NCAA Bowl games

 December 20, 2014 – January 12, 2015: 2014–15 NCAA football bowl games

Regular bowl games

 December 20, 2014 – January 4, 2015: 2014–15 NCAA non-CFP bowl games
 December 20, 2014: 2014 R+L Carriers New Orleans Bowl
 The Louisiana–Lafayette Ragin' Cajuns defeated the Nevada Wolf Pack 16–3.
 December 20, 2014: 2014 Gildan New Mexico Bowl in Albuquerque
 The Utah State Aggies defeated the UTEP Miners 21–6.
 December 20, 2014: 2014 Royal Purple Las Vegas Bowl
 The Utah Utes defeated the Colorado State Rams 45–10.
 December 20, 2014: 2014 Famous Idaho Potato Bowl in Boise
 The Air Force Falcons defeated the Western Michigan Broncos 38–24.
 December 20, 2014: 2014 Camellia Bowl in Montgomery, Alabama (returning as an NCAA Division I bowl game again)
 The Bowling Green Falcons defeated the South Alabama Jaguars 33–28.
 December 22, 2014: 2014 Miami Beach Bowl (debut event)
 The Memphis Tigers defeated the BYU Cougars 55–48.
 December 23, 2014: 2014 Boca Raton Bowl in 
 The Marshall Thundering Herd defeated the Northern Illinois Huskies 52–23.
 December 23, 2014: 2014 San Diego County Credit Union Poinsettia Bowl
 The Navy Midshipmen defeated the San Diego State Aztecs 17–16.
 December 24, 2014: 2014 Bahamas Bowl in Nassau (debut event)
 The Western Kentucky Hilltoppers defeated the Central Michigan Chippewas 49–48.
 December 24, 2014: 2014 Hawaii Bowl in Honolulu
 The Rice Owls defeated the Fresno State Bulldogs 30–6.
 December 26, 2014: 2014 Zaxby's Heart of Dallas Bowl
 The Louisiana Tech Bulldogs defeated the Illinois Fighting Illini 35–18.
 December 26, 2014: 2014 Quick Lane Bowl in Detroit (debut event)
 The Rutgers Scarlet Knights defeated the North Carolina Tar Heels 40–21.
 December 26, 2014: 2014 St.
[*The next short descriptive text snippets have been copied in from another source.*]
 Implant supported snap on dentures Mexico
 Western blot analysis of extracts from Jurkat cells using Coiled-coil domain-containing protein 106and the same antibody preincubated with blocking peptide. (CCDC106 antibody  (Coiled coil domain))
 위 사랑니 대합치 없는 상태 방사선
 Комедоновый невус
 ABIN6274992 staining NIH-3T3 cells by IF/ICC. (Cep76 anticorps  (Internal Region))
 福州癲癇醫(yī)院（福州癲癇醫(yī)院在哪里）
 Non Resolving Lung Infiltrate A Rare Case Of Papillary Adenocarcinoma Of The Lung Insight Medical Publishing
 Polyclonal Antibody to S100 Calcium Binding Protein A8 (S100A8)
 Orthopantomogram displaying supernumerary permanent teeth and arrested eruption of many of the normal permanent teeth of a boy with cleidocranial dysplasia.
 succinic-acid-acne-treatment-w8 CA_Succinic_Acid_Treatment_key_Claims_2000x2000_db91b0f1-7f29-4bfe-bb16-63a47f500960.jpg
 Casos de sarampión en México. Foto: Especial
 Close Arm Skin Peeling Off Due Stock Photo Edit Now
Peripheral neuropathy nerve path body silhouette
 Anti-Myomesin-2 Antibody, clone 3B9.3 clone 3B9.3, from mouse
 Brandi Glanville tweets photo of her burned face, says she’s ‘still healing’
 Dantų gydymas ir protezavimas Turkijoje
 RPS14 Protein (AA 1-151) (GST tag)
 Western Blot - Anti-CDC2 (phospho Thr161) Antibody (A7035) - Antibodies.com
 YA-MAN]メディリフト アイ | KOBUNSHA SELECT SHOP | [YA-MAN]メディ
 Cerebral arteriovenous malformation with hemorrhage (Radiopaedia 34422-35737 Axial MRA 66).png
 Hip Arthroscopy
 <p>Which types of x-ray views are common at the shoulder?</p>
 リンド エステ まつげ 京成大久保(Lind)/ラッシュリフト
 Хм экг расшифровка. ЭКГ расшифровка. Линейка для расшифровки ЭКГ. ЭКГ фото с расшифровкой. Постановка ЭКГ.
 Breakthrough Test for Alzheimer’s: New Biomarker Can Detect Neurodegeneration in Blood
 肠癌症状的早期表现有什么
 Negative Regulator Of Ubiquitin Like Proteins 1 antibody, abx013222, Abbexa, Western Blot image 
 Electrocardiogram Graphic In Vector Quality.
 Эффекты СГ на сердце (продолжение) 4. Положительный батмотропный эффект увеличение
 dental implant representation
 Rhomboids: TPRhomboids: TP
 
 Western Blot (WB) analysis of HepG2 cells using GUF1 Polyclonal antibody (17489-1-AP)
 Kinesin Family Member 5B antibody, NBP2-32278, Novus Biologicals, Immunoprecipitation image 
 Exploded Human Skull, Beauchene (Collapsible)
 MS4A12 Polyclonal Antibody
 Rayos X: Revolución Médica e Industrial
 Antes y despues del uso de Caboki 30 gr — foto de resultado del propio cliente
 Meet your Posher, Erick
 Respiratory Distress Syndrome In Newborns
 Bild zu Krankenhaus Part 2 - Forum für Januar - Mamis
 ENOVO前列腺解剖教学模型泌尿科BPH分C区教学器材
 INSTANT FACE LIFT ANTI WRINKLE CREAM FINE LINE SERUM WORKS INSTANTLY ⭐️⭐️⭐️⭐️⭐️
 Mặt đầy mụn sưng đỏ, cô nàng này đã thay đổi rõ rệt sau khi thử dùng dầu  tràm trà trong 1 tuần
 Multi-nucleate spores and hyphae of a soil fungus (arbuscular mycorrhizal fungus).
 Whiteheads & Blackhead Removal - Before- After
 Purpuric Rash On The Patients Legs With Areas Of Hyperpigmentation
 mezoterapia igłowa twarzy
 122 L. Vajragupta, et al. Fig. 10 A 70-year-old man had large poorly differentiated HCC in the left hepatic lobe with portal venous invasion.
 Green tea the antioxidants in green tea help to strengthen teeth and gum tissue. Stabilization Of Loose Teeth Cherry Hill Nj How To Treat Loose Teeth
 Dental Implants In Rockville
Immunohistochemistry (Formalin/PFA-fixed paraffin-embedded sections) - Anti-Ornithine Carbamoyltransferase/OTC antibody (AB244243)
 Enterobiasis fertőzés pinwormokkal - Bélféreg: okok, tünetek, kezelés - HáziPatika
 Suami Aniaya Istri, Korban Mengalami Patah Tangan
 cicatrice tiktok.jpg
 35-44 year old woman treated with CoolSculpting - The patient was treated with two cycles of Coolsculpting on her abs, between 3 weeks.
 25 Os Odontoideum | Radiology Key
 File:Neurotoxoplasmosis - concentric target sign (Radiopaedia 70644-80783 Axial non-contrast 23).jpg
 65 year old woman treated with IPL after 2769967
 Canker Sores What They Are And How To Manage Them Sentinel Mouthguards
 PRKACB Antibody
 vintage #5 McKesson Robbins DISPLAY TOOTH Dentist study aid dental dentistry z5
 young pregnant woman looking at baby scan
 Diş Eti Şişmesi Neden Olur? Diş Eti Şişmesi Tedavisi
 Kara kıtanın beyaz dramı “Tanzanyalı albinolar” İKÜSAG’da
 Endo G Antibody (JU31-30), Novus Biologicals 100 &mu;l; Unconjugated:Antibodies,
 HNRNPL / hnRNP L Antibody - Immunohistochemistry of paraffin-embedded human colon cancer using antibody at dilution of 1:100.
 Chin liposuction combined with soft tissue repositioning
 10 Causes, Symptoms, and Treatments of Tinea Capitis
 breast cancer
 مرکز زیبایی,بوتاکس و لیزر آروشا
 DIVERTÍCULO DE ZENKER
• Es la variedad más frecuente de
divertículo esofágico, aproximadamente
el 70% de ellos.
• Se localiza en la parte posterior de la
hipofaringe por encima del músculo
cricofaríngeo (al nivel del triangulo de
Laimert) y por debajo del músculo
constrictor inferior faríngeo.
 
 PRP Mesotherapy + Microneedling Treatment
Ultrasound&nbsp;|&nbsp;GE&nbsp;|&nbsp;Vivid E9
Petersburg Bowl in St. Petersburg, Florida
 The NC State Wolfpack defeated the UCF Knights 34–27.
 December 27, 2014: 2014 Military Bowl in Annapolis, Maryland
 The Virginia Tech Hokies defeated the Cincinnati Bearcats 33–17.
 December 27, 2014: 2014 Sun Bowl in El Paso, Texas
 The Arizona State Sun Devils defeated the Duke Blue Devils 36–31.
 December 27, 2014: 2014 Independence Bowl in Shreveport, Louisiana
 The South Carolina Gamecocks defeated the Miami Hurricanes 24–21.
 December 27, 2014: 2014 Pinstripe Bowl in the Bronx (New York City)
 The Penn State Nittany Lions defeated the Boston College Eagles 31–30.
 December 27, 2014: 2014 Holiday Bowl in San Diego
 The USC Trojans defeated the Nebraska Cornhuskers 45–42.
 December 29, 2014: 2014 Liberty Bowl in Memphis, Tennessee
 The Texas A&M Aggies defeated the West Virginia Mountaineers 45–37.
 December 29, 2014: 2014 Russell Athletic Bowl in Orlando, Florida
 The Clemson Tigers defeated the Oklahoma Sooners 40–6.
 December 29, 2014: 2014 Texas Bowl in Houston
 The Arkansas Razorbacks defeated the Texas Longhorns 31–7.
 December 30, 2014: 2014 Music City Bowl in Nashville, Tennessee
 The Notre Dame Fighting Irish defeated the LSU Tigers 31–28.
 December 30, 2014: 2014 Belk Bowl in Charlotte, North Carolina
 The Georgia Bulldogs defeated the Louisville Cardinals 37–14.
 December 30, 2014: 2014 Foster Farms Bowl in Santa Clara, California
 The Stanford Cardinal defeated the Maryland Terrapins 45–21.
 January 1, 2015: 2015 Citrus Bowl in Orlando, Florida
 The Missouri Tigers defeated the Minnesota Golden Gophers 33–17.
 January 1, 2015: 2015 Outback Bowl in Tampa, Florida
 The Wisconsin Badgers defeated the Auburn Tigers, 34–31, after overtime.
 January 2, 2015: 2015 Armed Forces Bowl in Fort Worth, Texas
 The Houston Cougars defeated the Pittsburgh Panthers 35–34.
 January 2, 2015: 2015 TaxSlayer Bowl in Jacksonville, Florida
 The Tennessee Volunteers defeated the Iowa Hawkeyes 45–28.
 January 2, 2015: 2015 Alamo Bowl in San Antonio
 The UCLA Bruins defeated the Kansas State Wildcats 40–35.
 January 2, 2015: 2015 Cactus Bowl in Tempe, Arizona
 The Oklahoma State Cowboys defeated the Washington Huskies 30–22.
 January 3, 2015: 2015 Birmingham Bowl in Birmingham, Alabama
 The Florida Gators defeated the East Carolina Pirates 28–20.
 January 4, 2015: 2015 GoDaddy Bowl in Mobile, Alabama
 The Toledo Rockets defeated the Arkansas State Red Wolves 63–44.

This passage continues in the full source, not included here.